Dataset excerpts:
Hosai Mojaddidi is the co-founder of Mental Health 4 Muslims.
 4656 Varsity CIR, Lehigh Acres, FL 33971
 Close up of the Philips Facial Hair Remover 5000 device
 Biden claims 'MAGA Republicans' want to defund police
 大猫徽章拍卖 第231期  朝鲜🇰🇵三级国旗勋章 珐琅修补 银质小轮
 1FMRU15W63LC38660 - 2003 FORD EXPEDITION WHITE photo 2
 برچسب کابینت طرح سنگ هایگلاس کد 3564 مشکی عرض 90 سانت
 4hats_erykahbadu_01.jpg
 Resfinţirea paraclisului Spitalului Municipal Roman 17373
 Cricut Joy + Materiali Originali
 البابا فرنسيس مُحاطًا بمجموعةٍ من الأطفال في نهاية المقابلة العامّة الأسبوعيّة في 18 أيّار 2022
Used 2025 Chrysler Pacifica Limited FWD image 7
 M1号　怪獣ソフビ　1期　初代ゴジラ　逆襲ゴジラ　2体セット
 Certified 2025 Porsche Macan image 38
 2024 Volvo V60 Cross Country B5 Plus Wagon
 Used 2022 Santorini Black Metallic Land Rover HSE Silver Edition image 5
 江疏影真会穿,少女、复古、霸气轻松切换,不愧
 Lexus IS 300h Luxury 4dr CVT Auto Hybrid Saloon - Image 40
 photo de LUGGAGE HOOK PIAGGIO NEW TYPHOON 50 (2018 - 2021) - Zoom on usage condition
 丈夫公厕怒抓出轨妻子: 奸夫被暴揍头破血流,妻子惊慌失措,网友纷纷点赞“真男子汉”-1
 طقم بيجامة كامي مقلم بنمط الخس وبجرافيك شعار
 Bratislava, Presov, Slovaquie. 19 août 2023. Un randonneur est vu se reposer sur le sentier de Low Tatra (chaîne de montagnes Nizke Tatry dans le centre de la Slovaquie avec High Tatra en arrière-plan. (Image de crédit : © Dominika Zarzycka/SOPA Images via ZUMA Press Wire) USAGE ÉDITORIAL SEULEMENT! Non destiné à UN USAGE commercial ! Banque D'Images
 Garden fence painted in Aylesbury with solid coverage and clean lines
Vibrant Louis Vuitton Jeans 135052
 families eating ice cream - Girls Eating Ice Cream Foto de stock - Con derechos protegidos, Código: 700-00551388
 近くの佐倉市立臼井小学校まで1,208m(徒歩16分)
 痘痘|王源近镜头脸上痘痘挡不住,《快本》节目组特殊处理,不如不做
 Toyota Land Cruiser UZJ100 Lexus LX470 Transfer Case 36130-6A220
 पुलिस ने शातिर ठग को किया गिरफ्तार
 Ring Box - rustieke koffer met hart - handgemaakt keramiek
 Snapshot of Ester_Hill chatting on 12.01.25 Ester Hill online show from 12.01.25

▸ What to work on
The answer must hold exactly the lines of the entries above, from the first line through the line that contains "痘痘|王源近镜头脸上痘痘挡不住,《快本》节目组特殊处理,不如不做", and no others.

▸ Your response
Hosai Mojaddidi is the co-founder of Mental Health 4 Muslims.
 4656 Varsity CIR, Lehigh Acres, FL 33971
 Close up of the Philips Facial Hair Remover 5000 device
 Biden claims 'MAGA Republicans' want to defund police
 大猫徽章拍卖 第231期  朝鲜🇰🇵三级国旗勋章 珐琅修补 银质小轮
 1FMRU15W63LC38660 - 2003 FORD EXPEDITION WHITE photo 2
 برچسب کابینت طرح سنگ هایگلاس کد 3564 مشکی عرض 90 سانت
 4hats_erykahbadu_01.jpg
 Resfinţirea paraclisului Spitalului Municipal Roman 17373
 Cricut Joy + Materiali Originali
 البابا فرنسيس مُحاطًا بمجموعةٍ من الأطفال في نهاية المقابلة العامّة الأسبوعيّة في 18 أيّار 2022
Used 2025 Chrysler Pacifica Limited FWD image 7
 M1号　怪獣ソフビ　1期　初代ゴジラ　逆襲ゴジラ　2体セット
 Certified 2025 Porsche Macan image 38
 2024 Volvo V60 Cross Country B5 Plus Wagon
 Used 2022 Santorini Black Metallic Land Rover HSE Silver Edition image 5
 江疏影真会穿,少女、复古、霸气轻松切换,不愧
 Lexus IS 300h Luxury 4dr CVT Auto Hybrid Saloon - Image 40
 photo de LUGGAGE HOOK PIAGGIO NEW TYPHOON 50 (2018 - 2021) - Zoom on usage condition
 丈夫公厕怒抓出轨妻子: 奸夫被暴揍头破血流,妻子惊慌失措,网友纷纷点赞“真男子汉”-1
 طقم بيجامة كامي مقلم بنمط الخس وبجرافيك شعار
 Bratislava, Presov, Slovaquie. 19 août 2023. Un randonneur est vu se reposer sur le sentier de Low Tatra (chaîne de montagnes Nizke Tatry dans le centre de la Slovaquie avec High Tatra en arrière-plan. (Image de crédit : © Dominika Zarzycka/SOPA Images via ZUMA Press Wire) USAGE ÉDITORIAL SEULEMENT! Non destiné à UN USAGE commercial ! Banque D'Images
 Garden fence painted in Aylesbury with solid coverage and clean lines
Vibrant Louis Vuitton Jeans 135052
 families eating ice cream - Girls Eating Ice Cream Foto de stock - Con derechos protegidos, Código: 700-00551388
 近くの佐倉市立臼井小学校まで1,208m(徒歩16分)
 痘痘|王源近镜头脸上痘痘挡不住,《快本》节目组特殊处理,不如不做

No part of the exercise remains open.